Kira Baskısı: Gıda perakendeciliğinde asıl maliyet yükünün kiralar olduğunu vurgulayan Güzeldere, geçen yıl 200 bin TL olan market kiralarının 1 milyon TL’ye fırladığına dikkat çekti.
BAKANLIK SAHADA: FAHİŞ FİYAT MERCEK ALTINDA
Ticaret Bakanlığı, asgari ücret belirlenmeden önce "önleyici" bir strateji izleyerek denetim ekiplerini sahaya sürdü. Zincir marketler ve büyük perakendecilerle yapılan toplantılarda şu mesajlar verildi:
- İşçilik maliyetindeki artışın ürün fiyatlarına etkisinin sınırlı olduğu hatırlatıldı.
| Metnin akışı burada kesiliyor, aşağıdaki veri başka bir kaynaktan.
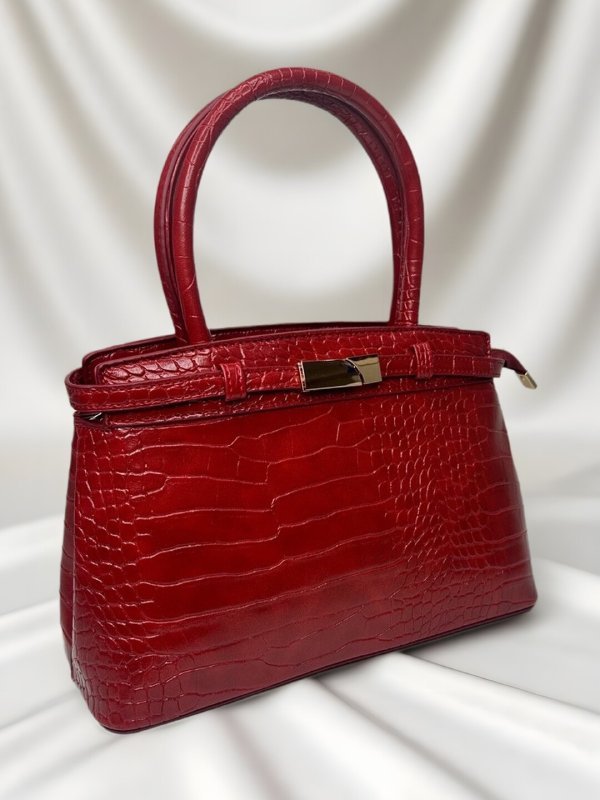 CrossKulture - BlissMode lightweight red handbag side view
- Saha ekipleri, raflardaki fiyatlar ile depo girişlerini karşılaştırarak "fahiş fiyat" tespiti halinde ağır idari para cezaları uyguluyor.
GIDA FİYATLARINDA ÇELİŞKİLİ TABLO
Türkiye Ziraat Odaları Birliği (TZOB) verileri, Kasım ayında 42 ürünün 18’inde artış, 24’ünde ise düşüş yaşandığını ortaya koydu. Özellikle meyve ve sebze grubundaki gerilemeye rağmen, genel gıda enflasyonunun asgari ücret beklentisiyle "yukarı yönlü baskı" altında olduğu gözlemleniyor. Küresel ölçekte ise FAO verileri, dünya gıda fiyatlarının yatay seyre geçtiğini göstererek, içerideki artışların dışsal değil "iç dinamik ve beklenti" kaynaklı olduğunu teyit ediyor.
Piyasalarda konuşulan en büyük endişe, "bir asgari ücrete iki zam" formülü. Ücret açıklanmadan yapılan zamların, Ocak ayında rakam netleşince "güncelleme" adı altında tekrar etmesi, dar gelirlinin alım gücünü henüz parayı görmeden eritiyor.